Y así entramos en esta noche borrosa y nebulosa, donde la muchacha ebria, como un barco, como una esperanza, baña sus lágrimas en los recodos de cada bar. En ella la vida pasa, generosa y estúpida, como si no hubiese cosa más simple (y más dolorosa) que vivir. Hay que brindar por ella, pide el poeta, alzar nuestras copas y nuestros versos.

Andar así es andar a ciegas
Andar inmóvil en el aire inmóvil

Así anda la poesía hasta que alguien la despierta, hasta que alguien la hace ver resplandeciente, lo siento Platón, la piedra bajo la piedra, el origen que no existe, y después, nada.

Pero riámonos un poco; que fue esta risa la que me embrujó al leer a Huerta.
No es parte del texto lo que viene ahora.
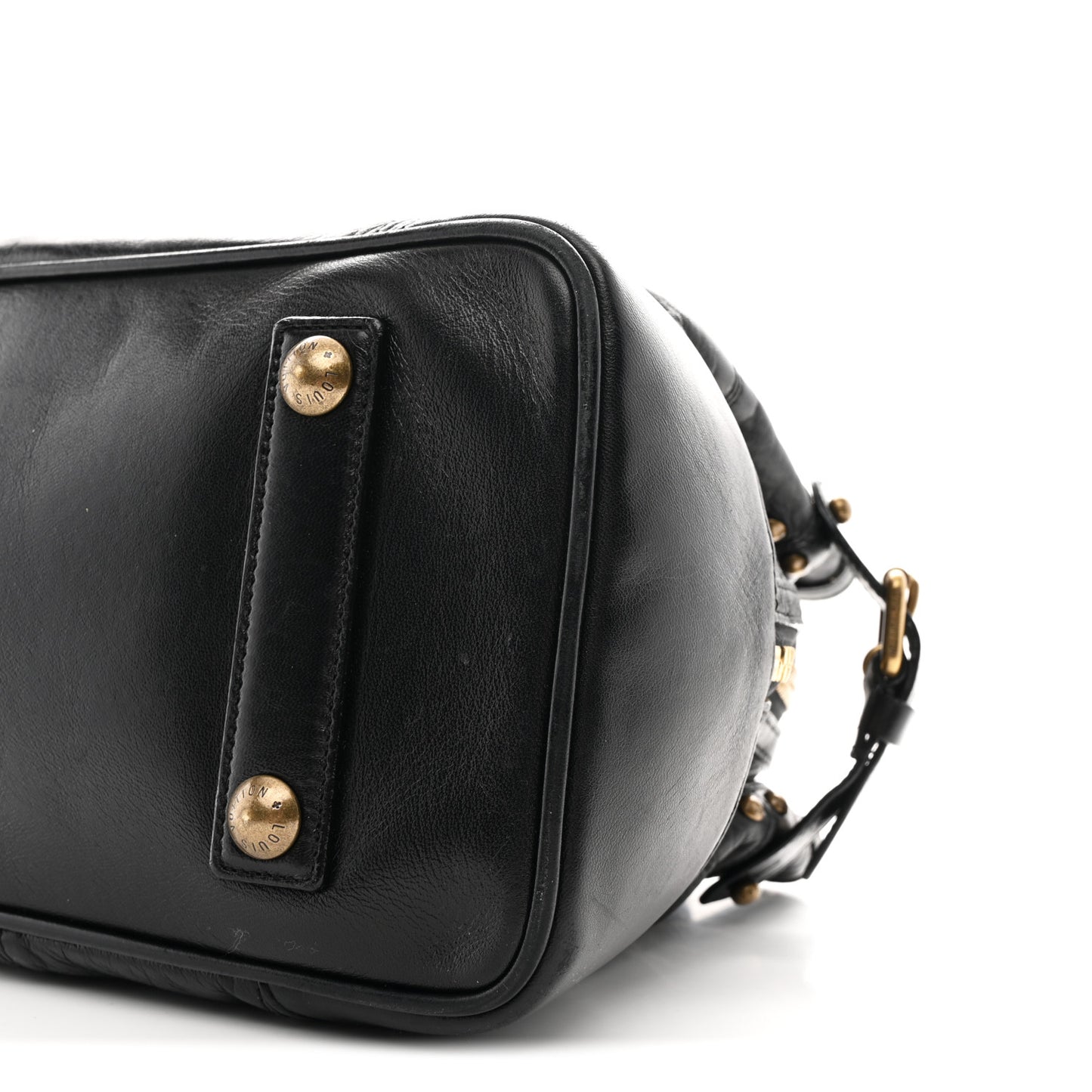 Lambskin Riveting Black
Un humor donde el sarcasmo es suave y radical a la vez, donde la ironía se deja para mañana y se trasnocha siempre, donde lo que vale es el amor más que el saber, y eso, deberíamos saberlo, no es tampoco poco.

Claro está que murió –como deben morir los poetas, maldiciendo, blasfemando, mentando madres, viendo apariciones, cobijado por las pesadillas.

Rugía impuramente como deben rugir todos los poetas que mueren (¡Qué horror, mi cuerpo destrozado!)

Y el cerebro de Rubén Darío –mil ochocientos cincuenta gramos— fue a dar a la cárcel y fuel el primer cerebro encarcelado, el primer cerebro entre rejas, el primer cerebro en una celda…

¿Deberíamos reírnos cuando la poesía se convierte en necesaria blasfemia? La poesía, lo sabemos más que nunca al leer a Huerta, es una cosa de vida y de muerte. Por suerte más de vida que de muerte.
Dejaré por ahora el genial manifiesto nalgaísta y no me revolcaré en los homenajes nerudianos –de bar en bar, como de ola en ola—solo, tan solo que nunca es soledad, un brindis como corresponde:



La mano izquierda tensa, ¿ya? Ahora verás: en el dorso entre el pulgar y el pinchíndice, un hueco, un huequito como un hoyo santo creado precisamente por Diosito lindo. El tequila blanco ya está servido…
en el dorso, pon un montoncito de sal. ¿Ya pues manito?
Acerca la mano hacia la ansiosa boca, como a la distancia
De más o menos veinte centímetros: abre la boca
Y con la mano derecha golpea los dedos –tensos—
De la mano izquierda: la sal-salta hacia la boca
Y el ritual empieza, Chupas un limón. Bebe.

¿Qué más le queda a la poesía por decir?